1,000 times more accurate 3D imaging, for your smartphone camera
Wed 2 Dec 2015
Researchers looking to improve the resolution of 3D imaging devices [PDF] have claimed that by manipulating the polarisation of light they can increase quality by as much as 1,000 times.
The team, based at MIT, hopes that the technology can be used to produce high-quality 3D cameras built into mobile devices, and to enable photographed objects to be replicated using a 3D printer.
Achuta Kadambi, an MIT Media Lab PhD student and one of the project’s developers, explained: “Today, miniature 3D cameras fit on cellphones […] but they make compromises to the 3D sensing, leading to very coarse recovery of geometry. That’s a natural application for polarisation, because you can still use a low-quality sensor, and adding a polarising filter gives you something that’s better than many machine-shop laser scanners.”
The prototype, called Polarised 3D, integrates Microsoft Kinect technology to measure depth, with a standard polarising photographic lens placed in front of the camera.
During testing, the scientists took three photos of an object, changing the polarisation filter on each rotation. The system algorithms then compared the light intensities of the images.
Used alone, the Kinect can resolve features as small as 1cm across, at distances up to several metres. However, with the addition of the polarisation, the technology was able to resolve physical features at one thousandth of the size.
The experiments also compared the new system with a high-precision laser scanner, which required that the physical object be placed on the scanner bed. Polarised 3D still came up top, offering a much higher resolution.
While a rotating mechanical polarisation filter would be nonsensical for a mobile phone camera, there are commercial alternatives available such as tiny polarisation filter grids which can overlay individual pixels in a light sensor.
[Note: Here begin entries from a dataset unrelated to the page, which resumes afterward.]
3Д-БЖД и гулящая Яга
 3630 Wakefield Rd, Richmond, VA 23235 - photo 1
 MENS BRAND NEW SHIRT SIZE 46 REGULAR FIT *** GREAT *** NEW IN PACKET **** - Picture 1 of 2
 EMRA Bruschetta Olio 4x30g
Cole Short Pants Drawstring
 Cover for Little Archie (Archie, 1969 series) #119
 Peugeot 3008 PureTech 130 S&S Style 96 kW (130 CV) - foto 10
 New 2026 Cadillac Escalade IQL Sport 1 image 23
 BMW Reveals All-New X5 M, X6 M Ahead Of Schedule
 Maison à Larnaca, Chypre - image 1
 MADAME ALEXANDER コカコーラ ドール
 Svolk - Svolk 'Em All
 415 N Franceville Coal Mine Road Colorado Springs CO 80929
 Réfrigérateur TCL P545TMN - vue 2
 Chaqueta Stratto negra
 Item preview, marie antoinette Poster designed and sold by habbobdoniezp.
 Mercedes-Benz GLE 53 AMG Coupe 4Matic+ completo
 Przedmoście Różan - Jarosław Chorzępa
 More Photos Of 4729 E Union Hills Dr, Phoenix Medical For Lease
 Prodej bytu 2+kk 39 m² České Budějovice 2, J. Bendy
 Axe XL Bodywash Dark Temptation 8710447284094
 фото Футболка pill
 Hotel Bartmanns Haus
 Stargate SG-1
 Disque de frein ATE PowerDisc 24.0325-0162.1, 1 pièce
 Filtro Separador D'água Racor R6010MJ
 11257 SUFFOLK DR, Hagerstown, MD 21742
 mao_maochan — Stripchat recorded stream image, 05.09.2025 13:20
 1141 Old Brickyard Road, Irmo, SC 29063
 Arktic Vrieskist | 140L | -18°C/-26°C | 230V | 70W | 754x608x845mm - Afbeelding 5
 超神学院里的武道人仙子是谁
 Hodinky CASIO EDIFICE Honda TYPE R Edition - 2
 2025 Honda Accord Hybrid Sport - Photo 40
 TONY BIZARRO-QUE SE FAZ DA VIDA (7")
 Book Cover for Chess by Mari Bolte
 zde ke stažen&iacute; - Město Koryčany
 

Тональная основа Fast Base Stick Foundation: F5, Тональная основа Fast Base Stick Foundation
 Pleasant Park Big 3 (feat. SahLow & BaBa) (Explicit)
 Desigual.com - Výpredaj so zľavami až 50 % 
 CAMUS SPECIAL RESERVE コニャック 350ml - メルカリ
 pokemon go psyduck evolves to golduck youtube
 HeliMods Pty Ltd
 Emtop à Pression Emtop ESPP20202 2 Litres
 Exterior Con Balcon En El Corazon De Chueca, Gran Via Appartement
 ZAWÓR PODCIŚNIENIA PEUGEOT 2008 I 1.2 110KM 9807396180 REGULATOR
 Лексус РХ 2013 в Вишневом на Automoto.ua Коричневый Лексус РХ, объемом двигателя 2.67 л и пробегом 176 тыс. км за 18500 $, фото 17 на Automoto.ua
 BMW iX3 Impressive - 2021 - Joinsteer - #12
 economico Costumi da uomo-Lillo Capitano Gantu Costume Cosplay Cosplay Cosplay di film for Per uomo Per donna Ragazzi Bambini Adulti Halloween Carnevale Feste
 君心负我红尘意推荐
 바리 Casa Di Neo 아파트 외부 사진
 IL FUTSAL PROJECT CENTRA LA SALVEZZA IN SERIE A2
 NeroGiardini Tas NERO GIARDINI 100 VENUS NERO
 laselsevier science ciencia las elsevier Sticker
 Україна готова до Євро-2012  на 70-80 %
Eventually, the discovery could help the development of self-driving vehicle technologies. Current vision algorithms used in driverless cars are reliable under normal conditions, but rain, snow and fog present challenges as the water particles can scatter light, which makes the surroundings harder to read. “Mitigating scattering in controlled scenes is a small step,” said Kadambi, whose MIT design could handle the scattering by exploiting data contained in interfering light waves.